I can't really comment on what other statements you are referring to, all I can say as I said a few moments ago that the FDA has not yet determined whether the approval and granting of orphan exclusivity for Increlex for this particular indication will block the approval of iPlex. And the agency is still considering this issue.

Okay, fair enough. A couple of others. Is IGF-1 produced in the yeast the same or different than IGF-1 produced in E. coli, are they exactly the same?

We produce our IGF-1 in E. coli and that is the only system we are particularly interested in at this time. We have had very little experience if any in the production of IGF in yeast. So I really can't comment on what the differences would likely be.

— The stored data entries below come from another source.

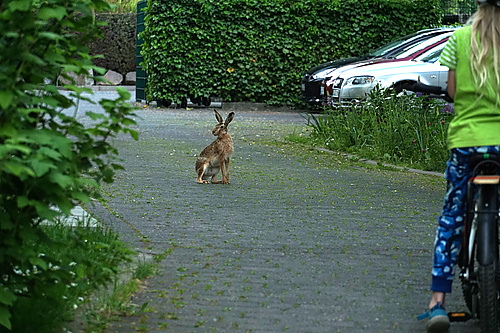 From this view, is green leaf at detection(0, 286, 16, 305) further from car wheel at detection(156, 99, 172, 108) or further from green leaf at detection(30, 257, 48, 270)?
car wheel at detection(156, 99, 172, 108)

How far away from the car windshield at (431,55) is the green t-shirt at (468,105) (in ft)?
38.0

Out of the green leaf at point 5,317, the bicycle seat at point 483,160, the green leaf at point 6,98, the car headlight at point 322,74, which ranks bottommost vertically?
the green leaf at point 5,317

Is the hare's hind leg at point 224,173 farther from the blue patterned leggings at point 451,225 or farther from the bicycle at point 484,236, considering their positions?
the bicycle at point 484,236

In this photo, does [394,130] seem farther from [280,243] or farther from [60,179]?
[60,179]

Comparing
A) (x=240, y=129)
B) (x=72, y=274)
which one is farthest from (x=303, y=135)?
(x=72, y=274)

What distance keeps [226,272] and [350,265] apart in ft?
2.85

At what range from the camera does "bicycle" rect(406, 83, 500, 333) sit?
149 inches

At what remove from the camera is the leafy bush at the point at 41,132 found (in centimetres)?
322

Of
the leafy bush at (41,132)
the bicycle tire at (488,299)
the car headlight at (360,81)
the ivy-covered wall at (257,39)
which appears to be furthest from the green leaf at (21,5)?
the ivy-covered wall at (257,39)

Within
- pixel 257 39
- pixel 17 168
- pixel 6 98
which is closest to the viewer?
pixel 17 168

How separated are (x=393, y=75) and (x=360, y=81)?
2.05 ft

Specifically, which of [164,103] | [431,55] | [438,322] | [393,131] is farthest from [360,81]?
[438,322]

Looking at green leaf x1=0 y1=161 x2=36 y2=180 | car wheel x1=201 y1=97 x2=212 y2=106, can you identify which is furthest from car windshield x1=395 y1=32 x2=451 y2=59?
green leaf x1=0 y1=161 x2=36 y2=180

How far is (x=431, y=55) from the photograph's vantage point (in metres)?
15.5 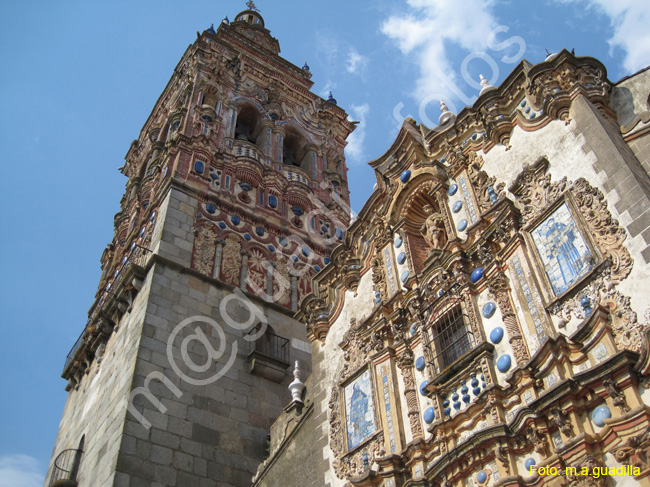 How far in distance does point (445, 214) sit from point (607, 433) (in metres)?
5.34

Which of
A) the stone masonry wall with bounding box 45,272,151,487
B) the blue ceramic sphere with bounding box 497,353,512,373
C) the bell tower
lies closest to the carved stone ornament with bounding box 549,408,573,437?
the blue ceramic sphere with bounding box 497,353,512,373

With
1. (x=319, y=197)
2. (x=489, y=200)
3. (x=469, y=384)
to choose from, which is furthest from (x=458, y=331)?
(x=319, y=197)

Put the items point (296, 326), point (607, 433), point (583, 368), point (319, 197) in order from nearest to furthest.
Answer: point (607, 433) < point (583, 368) < point (296, 326) < point (319, 197)

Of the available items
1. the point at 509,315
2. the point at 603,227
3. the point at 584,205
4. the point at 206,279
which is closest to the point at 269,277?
the point at 206,279

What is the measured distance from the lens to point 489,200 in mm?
10359

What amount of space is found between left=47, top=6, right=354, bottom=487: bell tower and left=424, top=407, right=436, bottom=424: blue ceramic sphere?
5.86 meters

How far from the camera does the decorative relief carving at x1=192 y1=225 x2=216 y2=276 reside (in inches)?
697

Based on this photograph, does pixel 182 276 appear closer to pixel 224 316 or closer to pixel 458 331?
pixel 224 316

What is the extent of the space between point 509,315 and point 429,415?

In some of your marketing presentations you cite a paper by Clements and I believe you're actually one of the authors on that paper, was the IGF used in that produced in E. coli?

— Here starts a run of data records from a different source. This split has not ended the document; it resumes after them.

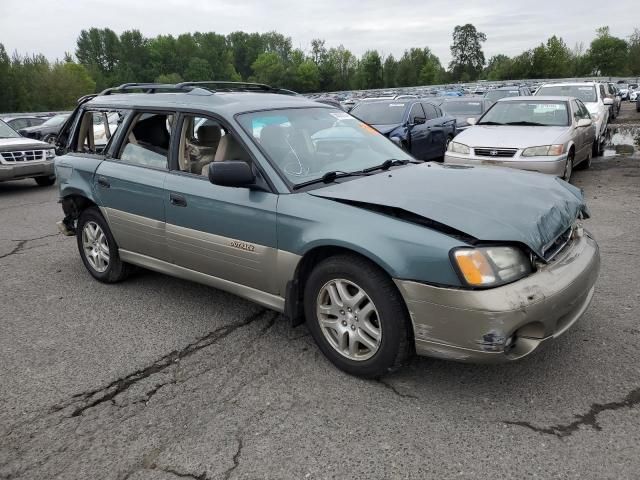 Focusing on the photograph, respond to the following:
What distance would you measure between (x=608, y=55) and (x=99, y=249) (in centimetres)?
12407

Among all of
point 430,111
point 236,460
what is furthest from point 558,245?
point 430,111

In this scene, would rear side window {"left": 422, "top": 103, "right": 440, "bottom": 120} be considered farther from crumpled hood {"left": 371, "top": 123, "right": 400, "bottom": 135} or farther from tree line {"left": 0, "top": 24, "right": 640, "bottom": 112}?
tree line {"left": 0, "top": 24, "right": 640, "bottom": 112}

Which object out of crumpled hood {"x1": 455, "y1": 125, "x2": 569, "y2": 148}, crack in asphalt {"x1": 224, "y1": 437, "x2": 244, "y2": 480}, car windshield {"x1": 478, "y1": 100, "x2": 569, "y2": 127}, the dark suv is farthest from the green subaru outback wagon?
the dark suv

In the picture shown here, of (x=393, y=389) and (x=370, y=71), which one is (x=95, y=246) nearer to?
(x=393, y=389)

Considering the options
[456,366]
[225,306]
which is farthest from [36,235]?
[456,366]

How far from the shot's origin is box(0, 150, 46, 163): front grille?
10852 mm

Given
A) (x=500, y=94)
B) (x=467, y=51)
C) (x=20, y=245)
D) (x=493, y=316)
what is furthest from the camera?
(x=467, y=51)

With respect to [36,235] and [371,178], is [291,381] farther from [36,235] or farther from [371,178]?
[36,235]

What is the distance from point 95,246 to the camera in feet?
16.7

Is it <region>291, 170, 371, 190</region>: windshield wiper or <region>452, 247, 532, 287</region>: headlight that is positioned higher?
<region>291, 170, 371, 190</region>: windshield wiper

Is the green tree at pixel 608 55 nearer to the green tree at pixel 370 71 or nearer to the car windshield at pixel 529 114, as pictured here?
the green tree at pixel 370 71

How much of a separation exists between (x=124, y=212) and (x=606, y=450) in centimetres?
384

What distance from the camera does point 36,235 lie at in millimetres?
7270

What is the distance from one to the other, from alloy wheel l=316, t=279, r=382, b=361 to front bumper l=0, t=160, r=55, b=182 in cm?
1000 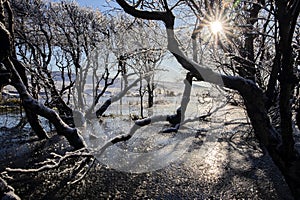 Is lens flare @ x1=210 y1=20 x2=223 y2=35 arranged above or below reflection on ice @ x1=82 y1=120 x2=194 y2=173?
above

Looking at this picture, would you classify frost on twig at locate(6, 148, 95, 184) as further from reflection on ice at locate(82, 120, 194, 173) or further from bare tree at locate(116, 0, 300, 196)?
bare tree at locate(116, 0, 300, 196)

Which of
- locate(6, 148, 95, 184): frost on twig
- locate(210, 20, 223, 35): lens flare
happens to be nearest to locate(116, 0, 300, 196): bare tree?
locate(210, 20, 223, 35): lens flare

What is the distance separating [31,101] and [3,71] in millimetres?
2091

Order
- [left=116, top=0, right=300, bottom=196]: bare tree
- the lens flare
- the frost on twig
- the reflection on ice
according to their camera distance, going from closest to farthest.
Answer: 1. [left=116, top=0, right=300, bottom=196]: bare tree
2. the frost on twig
3. the lens flare
4. the reflection on ice

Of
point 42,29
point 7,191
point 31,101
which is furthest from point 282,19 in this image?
point 42,29

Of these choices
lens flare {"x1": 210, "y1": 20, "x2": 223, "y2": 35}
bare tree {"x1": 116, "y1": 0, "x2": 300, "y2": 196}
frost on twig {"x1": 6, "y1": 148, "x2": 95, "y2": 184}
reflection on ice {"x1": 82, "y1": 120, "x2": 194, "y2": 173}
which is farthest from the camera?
reflection on ice {"x1": 82, "y1": 120, "x2": 194, "y2": 173}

I'm sorry, I'm not sure what paper you are referring to. (multiple speakers) a very recent paper by Dr. Clemmons?

Yes, by Dr. Clemmons, Moses, Sommer, Jacobsen, --

Sorry, that paper the studies were described in that paper utilized our iPlex product, yes. And that was produced in E. coli.

And the slide I'm referring to actually talks about there being a very, very highly significant difference in the occurrence of severe adverse affects with the SomatoKine being much, much lower than free IGF, am I reading that correctly?

I have not looked at that paper for sometime; I believe Dr. Clements did make, did draw conclusions of that nature.

Okay. Because what I'm getting at is that I have heard some statements that there is no scientific evidence that your drug is, has a better safety profile than free IGF. But there is actually a paper out in the literature that does say that and you are one of the authors, so I was hoping you could provide some color on that.

We have provided our NDA and the data sent to the FDA and they will make that determination.

Okay, that is it for me. Thanks.

Ladies and gentlemen, this will conclude today's question and answer session. At this time I like to turn the conference back to the speakers for any additional or closing remarks.

Once again, ladies and gentlemen, thank you for listening and we as always look forward to informing you of our activities and will do so on the next conference call. Thank you.

Ladies and gentlemen, this does conclude today's teleconference. We appreciate your participation and you may disconnect your phone lines at this time.